Acetaminophen‐induced injury in HepaRG cells: a novel human cell line for studies of drug hepatotoxicity

Acetaminophen (APAP) overdose is the most frequent cause of acute liver failure in the U.S. The mechanism of APAP hepatotoxicity in rodents involves formation of a reactive metabolite, glutathione (GSH) depletion, mitochondrial dysfunction, and oncotic necrosis. To investigate these mechanisms in a human system, a metabolically competent cell line is needed. In this study, we tested the value of a human hepatoma‐derived cell line (HepaRG) for APAP toxicity studies. Cells were treated with 20 mM APAP and the time course of cell dysfunction and injury was evaluated. APAP caused a decline in cellular GSH levels to 31% of control at 6 h and 24 % at 24 h. The mitochondrial membrane potential (JC‐1) was unaffected at 6 h but was reduced to 45% of control at 12 h and 20% at 24 h. Lactate dehydrogenase (LDH) release was not observed until 24 h (38%) and 48 h (69%) indicating cell necrosis. In addition, a clear dose‐response (5–20 mM) was observed with each of these parameters. Inhibition of drug metabolism with 2% DMSO abrogated all effects.

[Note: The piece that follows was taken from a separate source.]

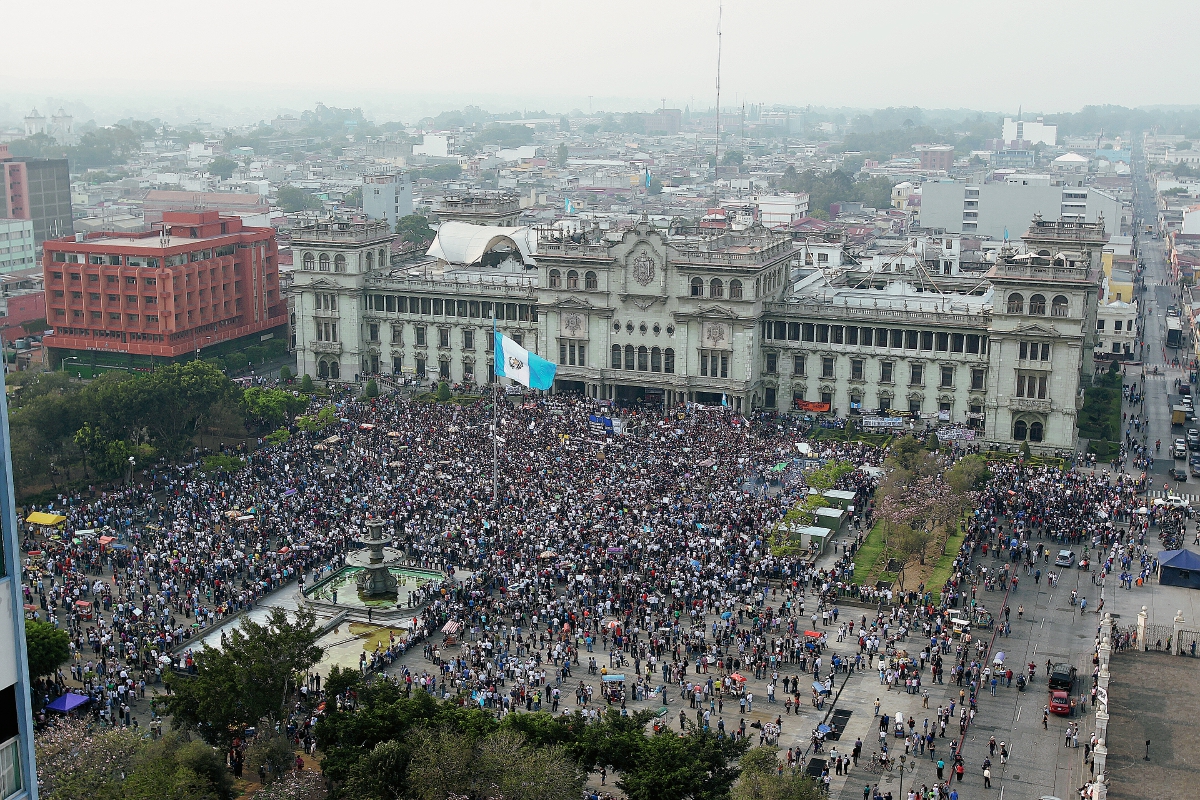 Miles de guatemaltecos exigen, en la Plaza de la Constitución, la renuncia del binomio presidencial. (Foto Prensa Libre: Hemeroteca PL)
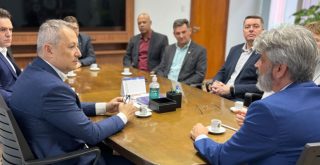 Johann Dantas, Igor Batller e Yeso Amalfi em reunião no CIASC_foto_assessoria_CIASC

Experiments with HepG2 cells, which are not metabolically competent, showed no GSH depletion, mitochondrial dysfunction or cell injury. Conclusion: APAP toxicity in HepaRG cells mimics closely the sequence of events observed in rodents. Thus, HepaRG cells may be a useful human model for mechanistic studies of drug hepatotoxicity. (Supported by NIH grant DK070195 and Biopredic Int.)